Y, si vamos al dinero, a la financiación del gasto desde las instituciones -ya para quienes ellas acojan, ya para los recogidos por organizaciones o familias-, pensemos en los gobiernos que han manifestado que no tienen dinero para devolver a los funcionarios una modesta paga o en los que, desde hace tiempo, están debiendo ciertas cantidades a algunas oenegés al carecer de numerario para ello (pónganle ahora ustedes las prórrogas presupuestarias futuras).

Son asuntos estos, "menores", digamos. Pero en el ámbito general, nuestra situación no es, por ejemplo, la de Alemania, que está dispuesta a coger cientos de miles de refugiados, porque necesita mano de obra. Aquí, como ha subrayado el Gobierno, tenemos cuatro millones de parados, pese a que estamos creando empleo de forma acelerada. Acoger personas no debería ser tenerlos viviendo de la caridad, sino integrarlos a través del trabajo (por ellos, en primer lugar, por las cuentas públicas -nuestros bolsillos- también). Desde ese punto de vista, ese objetivo, el de emplearlos, se pone cuesta arriba.

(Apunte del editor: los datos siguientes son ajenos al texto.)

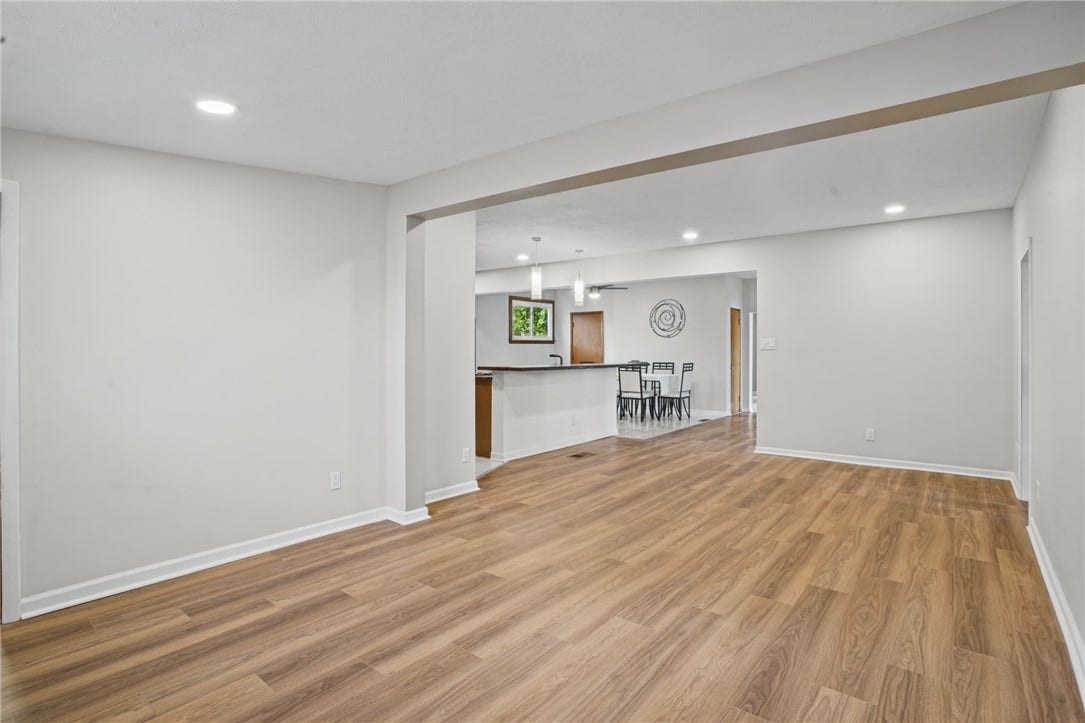 408 S Broadway Street, #408, Scottdale, PA 15650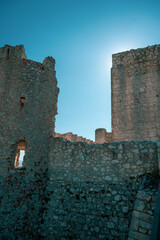 Fototapete bei efototapeten.de bestellen   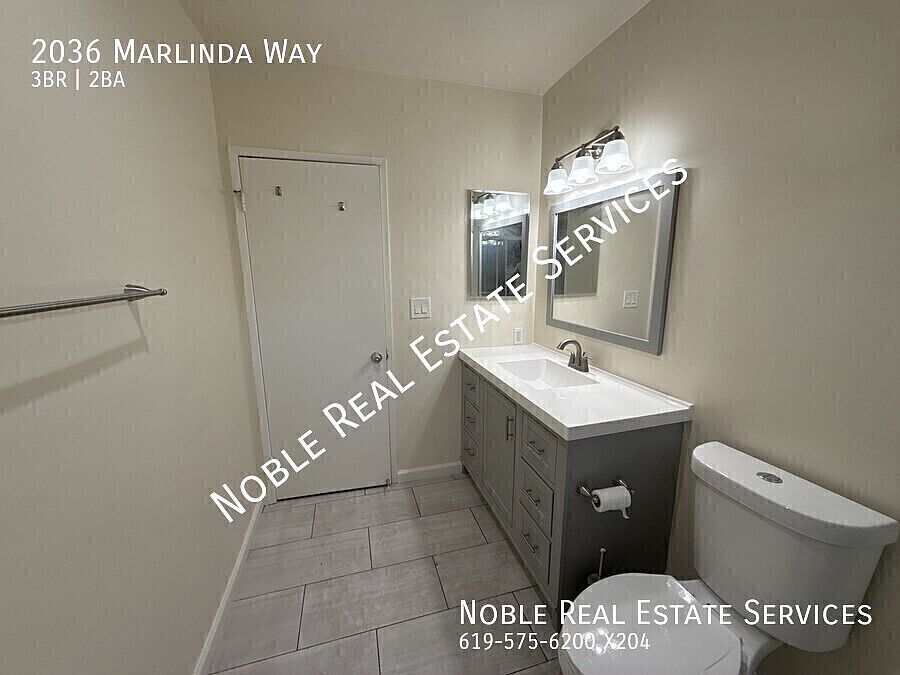 1st image of 2036 Marlinda Way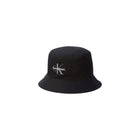 Calvin Klein Cappello Uomo immagine 1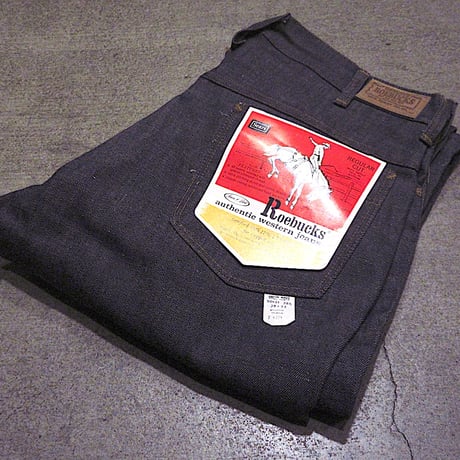 シアーズ | STORES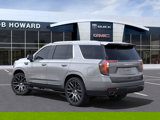 New 2025 GMC Yukon Denali Ultimate image 3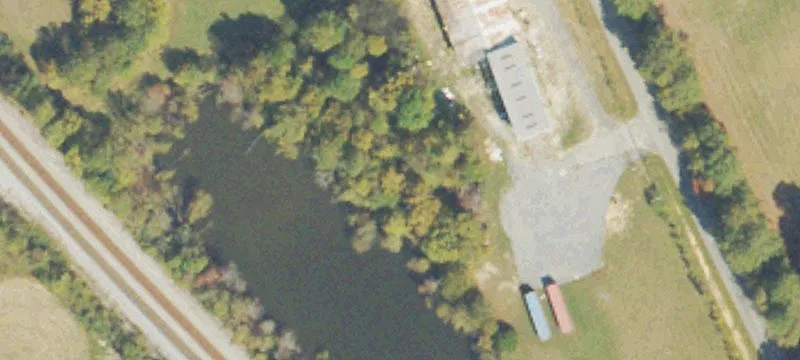 2330 Dogwood Rd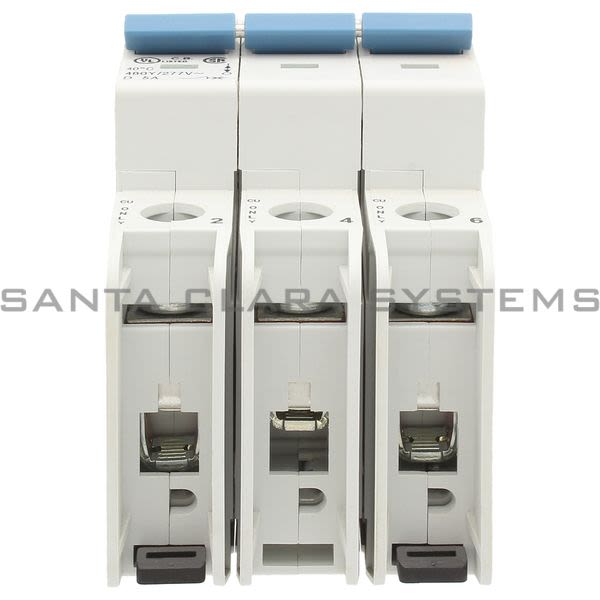 Allen Bradley 1489-A3D050 Circuit Breaker Product Image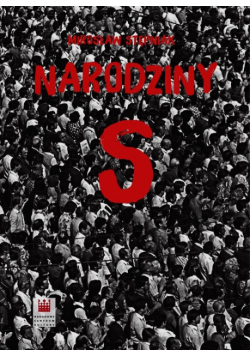 Narodziny S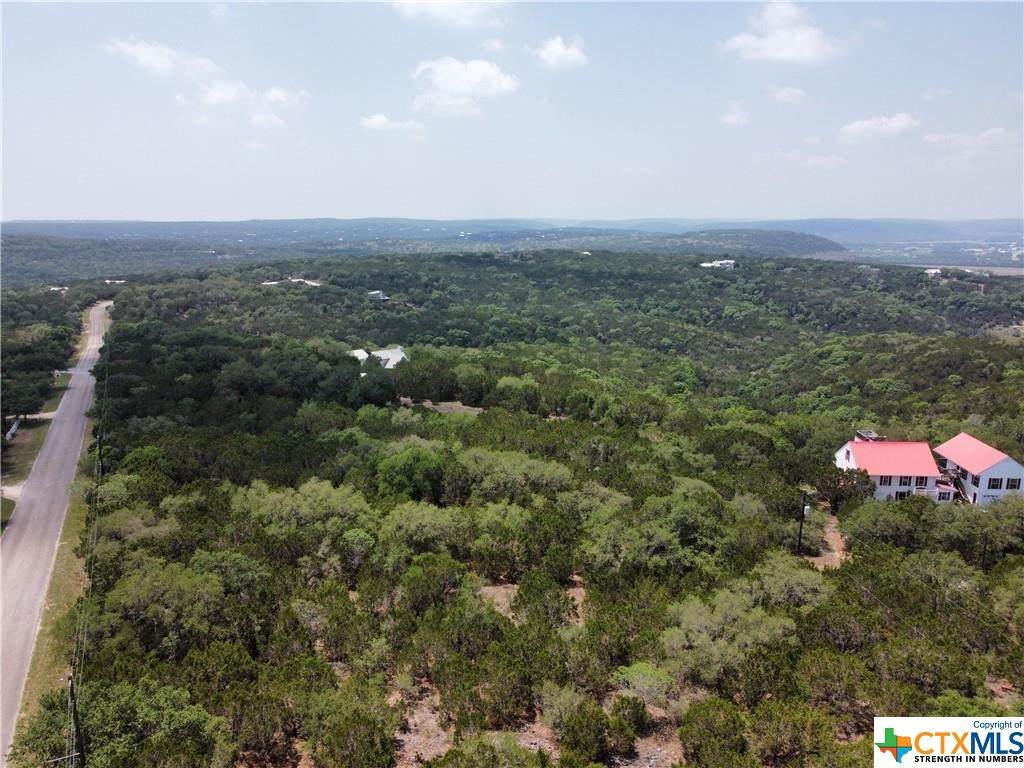 701 Vista Ridge - Photo 1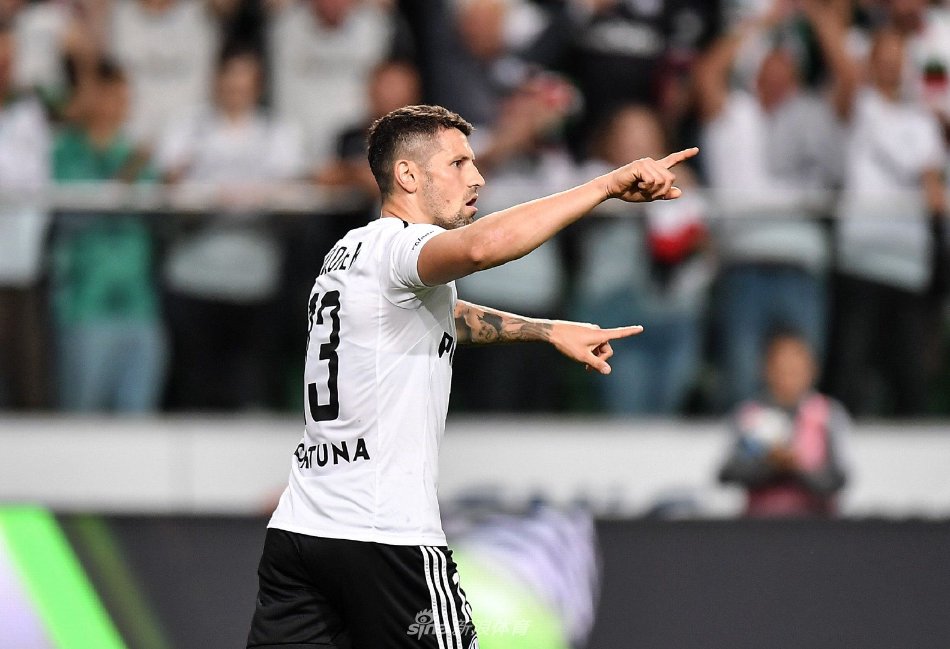 但背后蕴含 但背后蕴含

No debe olvidarse, además, que sobre acoger estos refugiados, recibimos de forma permanente una inmigración ilegal, fundamentalmente subsahariana, y otra legal, de países del Este, como Rumanía, Bulgaria o Ucrania. Todas estas personas demandan recursos del sistema y son también manos para sumarse al mercado de trabajo, con empleo o sin él.

Una cosa muy importante finalmente, referida a un aspecto de la convivencia: como tantos de los emigrantes, sus condiciones económicas y familiares los colocan en situación ventajosa, a veces, a la hora de recibir beneficios de los ayuntamientos (comedores escolares, viviendas, ayudas) o del Estado (becas, subsidios). Esa prelación y ese conflicto (casi inevitable, puesto que los recursos disponibles son finitos) vienen provocando hace tiempo una sorda irritación -un sentimiento de injusticia y agravio- en muchos de nuestros convecinos. Convendría estar atentos a ello.

Todo lo que aquí acabamos de señalar -y otras cosas que podríamos apuntar- no tendría demasiada importancia, si no fuese porque tanto la emigración subsahariana y del Norte de África, así como la de Siria y de otros lugares en conflicto va a seguir creciendo, con lo cual los problemas serán mayores, y la demanda de recursos aumentará -y, por tanto, el costo para los bolsillos de cada uno o la restricción de beneficios y socorros se acrecentará-.

Acoger a los emigrados sí, teniendo en cuenta dos cosas: que siempre habrá un límite (distinto según los países) y que el hacerlo no es un camino de rosas, no es como correr a una fiesta, sino que entraña innumerables problemas.

Y, de paso, si pudiese ser -que no lo será-, si nos evitásemos la cháchara partidista, los eructemas, obviemas, nademas y descalificaciones habituales, mucho mejor. Pero yo creo que de este castigo, del de la vileza y acefalismo de algunos políticos, no nos libraremos nunca. Será una maldición que nos acompañará hasta la tumba.